DIRECTIONS — The entries below are to be transcribed in full, without their images.

EXTRACTED INFORMATION —
###
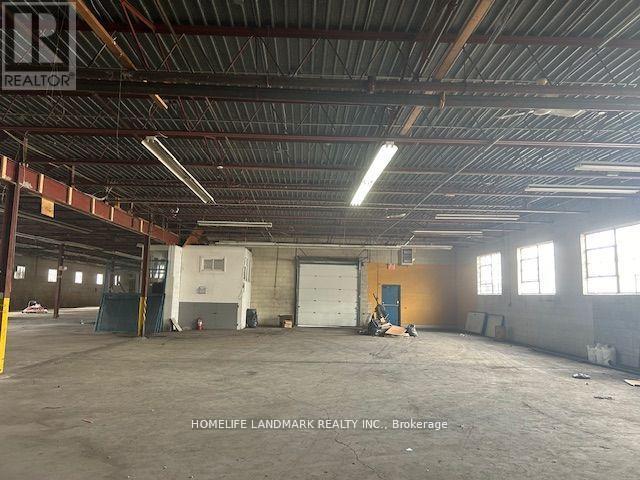 Photo 3 of 1820 Midland Avenue, Toronto ON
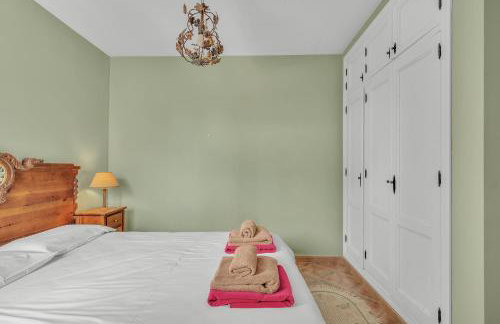 Villa Arin - Beachside Family Home by Finest Rentals - Photo 17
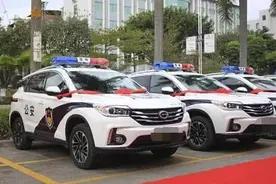 国内警车“大换血”，摒弃丰田大众，换上新车，国人：这是实力图片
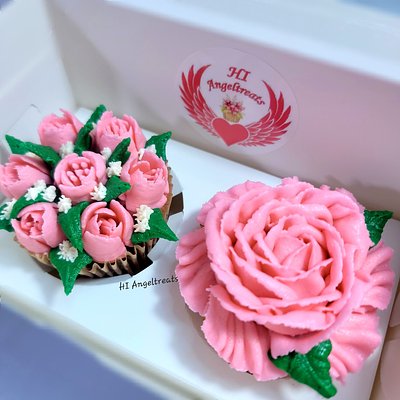 2 Cupcakes 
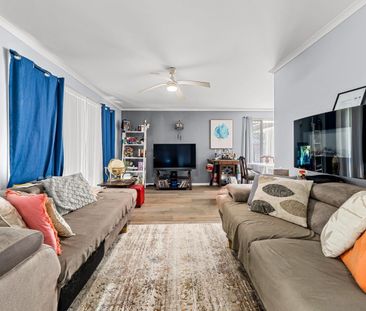 The Complete Family Package in the Heart of Runcorn - Photo 3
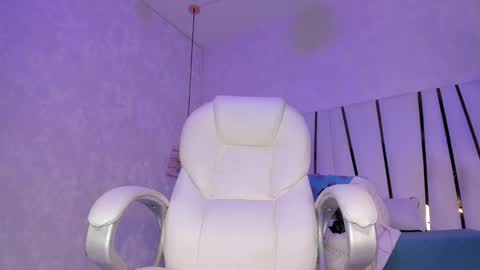 Snapshot of _tinyrousse_ chatting on February 2, 6:20 pm Rousse online show from February 2, 6:20 pm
###
SOLUTION —
 Photo 3 of 1820 Midland Avenue, Toronto ON
 Villa Arin - Beachside Family Home by Finest Rentals - Photo 17
 国内警车“大换血”，摒弃丰田大众，换上新车，国人：这是实力图片
 2 Cupcakes 
 The Complete Family Package in the Heart of Runcorn - Photo 3
 Snapshot of _tinyrousse_ chatting on February 2, 6:20 pm Rousse online show from February 2, 6:20 pm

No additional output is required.